Is the Cybersecurity Talent Crunch Finally Taking Its Toll?

by Sandeep Bhargava, SVP, Global Services and Solutions, Public Cloud Business Unit, Rackspace Technology

In today’s digital era, cybersecurity mirrors a high-stakes chess game. The evolving landscape forces companies, much like players, to adapt to the prevailing conditions. Sure enough, advancements in artificial intelligence (AI), for example, have complicated matters, with 72% of Asia Pacific’s C-suite telling Rackspace Technology that they needed to beef up cyber defences.

The analogy extends even to the current talent crunch which organisations are facing. Indeed, just as a player must pivot and rethink strategy after losing a key piece, organisations too must do the same. The urgency of addressing the lack of expertise cannot be overstated, as it was cited as the top area of concern for nearly half of organisations surveyed by Rackspace Technology last year.

However, this is aggravated by the fact that the hiring environment today is ultra-competitive and high turnover could spell disaster. There is hardly a wealth of available talent for roles like architects and compliance advisors, for instance, and this shortage is particularly acute for smaller businesses.

Unravelling Cybersecurity’s Future
While plugging the cybersecurity skills gap looks set to loom large for the future, that does not indicate all is lost. As the threat landscape continues to evolve, the demand for adept cybersecurity specialists will continue to surge. This will create robust job prospects for the future, which will encourage more individuals – including those from previously marginalised groups – to venture into this field and meet the burgeoning demand. Meanwhile, upskilling or a career pivot from those in related fields, like data science, can help organisations foster the kind of workforce that lives and breathes security.

However, that doesn’t quite solve the issue in the near term. Even with an increasing influx of talent, the transition from entry-level roles to senior leadership positions remains a prolonged journey, often spanning years. Consequently, the industry finds itself with a substantial pool of junior professionals and a comparatively smaller cohort of highly skilled, senior-level experts. This asymmetry means organisations will have to look to partnerships with experts who can help them plug the gaps and build up their arsenal.

Crucially, for both the near and long term, Malaysian organisations need to know how to invest strategically. For the former, it is crucial to ensure they are equipped with the latest tools to handle current threats. For example, AI innovation raises new risks but – as Communications and Digital Minister Fahmi Fadzil said – it also opens new avenues to better manage the lack of experts. In the long run, a well-thought-out allocation plan enables organisations to nurture an environment where their current talents can grow by delving into emerging domains. In fact, this opens up avenues to develop and tailor training to organisational needs, because as the saying goes, if you think education is expensive, try ignorance. Here, existing leaders can take charge and craft a training plan that blends security imperatives with individual learning paths, ensuring mutual upskilling and strategic growth. Indeed, it will come as no surprise when companies that put off investment aligned with skills building lose people to organisations that do prioritise security innovation.

Building Cyber Resilience
In the past decade or so, security budgets were often relegated to an afterthought. The lion’s share of attention was placed on IT infrastructure and applications. Naturally, this oversight led to inadequate security measures leaving organisations vulnerable to breaches. However, perhaps less obvious, has been how this lack of investment has stunted the growth of skilled talent. But as this truth becomes more evident, organisations are shifting priorities to be more resilient.

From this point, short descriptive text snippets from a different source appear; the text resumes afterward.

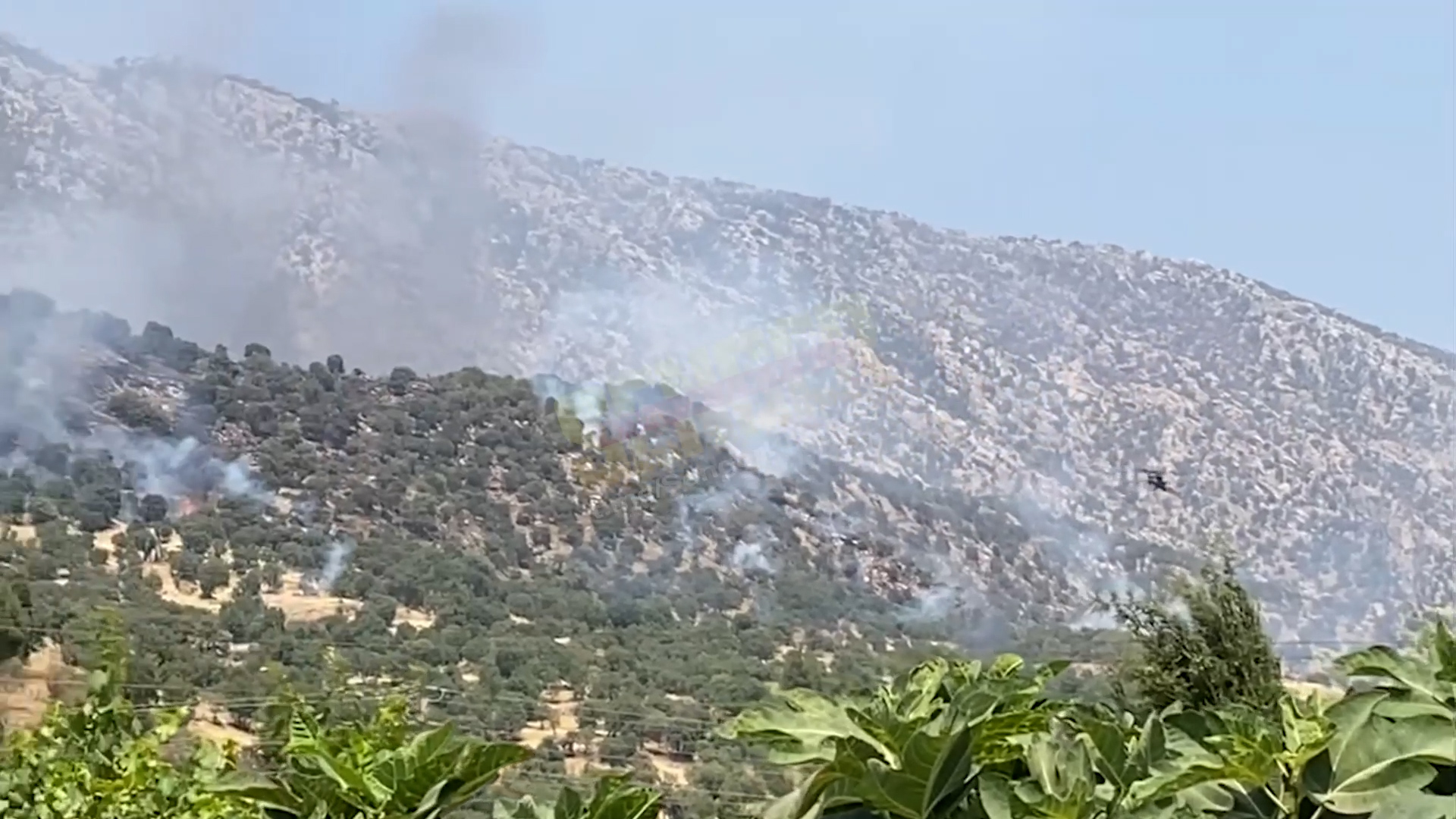Ji ber êrişên Tirkiyê agir bi gundê Guherzê ya ser bi Amêdiyê ve ket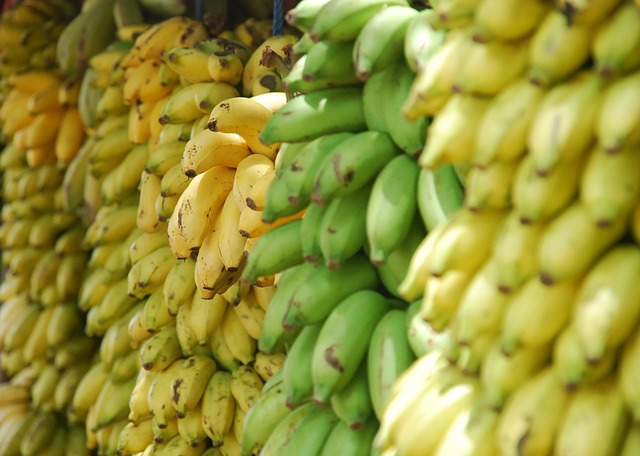 6 Manfaat Buah Pisang Mentah Bagi Kesehatan Tubuh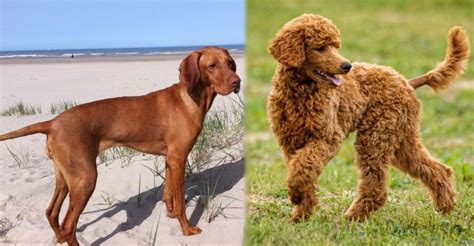 Redbone Coonoodle: Redbone Coonhound & Poodle Mix - PetDii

Putting this newfound realisation into practice rests on expanding security so that it is not just the responsibility of one department. The savvy Chief Information Security Officer (CISO) will deputise their peers to drive security best practices.

Security leaders will also benefit from advancing other departments’ IT strategies by leveraging security dollars to help fund platform, data and application initiatives that can meaningfully lower risk and technical debt. Innovative investment means that security is baked into all strategic initiatives and not just another tool to overlay or restrictive workflow. This will help local businesses prioritise security and staffing issues in equal measure so that they can keep making progress and focusing on building secure systems.